Provided data:

⟨

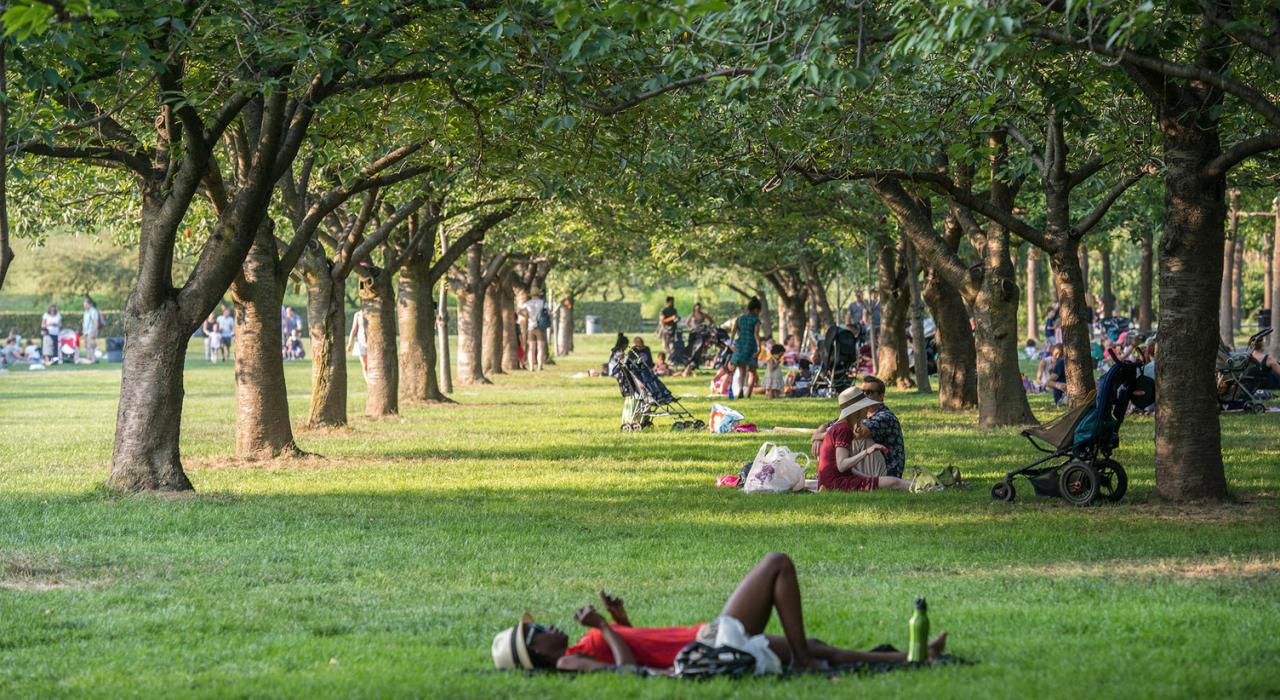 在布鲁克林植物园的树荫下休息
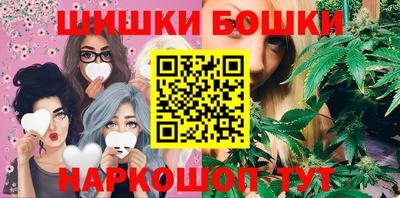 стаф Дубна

⟩
⟨

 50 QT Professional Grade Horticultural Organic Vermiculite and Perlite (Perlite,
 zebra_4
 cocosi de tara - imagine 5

⟩

Exercise description:
Restate word for word the lines in the material above from the one with "50 QT Professional" to the one with "cocosi de tara - imagine 5"; both of those lines count, and nothing else does.

The completed task:
 50 QT Professional Grade Horticultural Organic Vermiculite and Perlite (Perlite,
 zebra_4
 cocosi de tara - imagine 5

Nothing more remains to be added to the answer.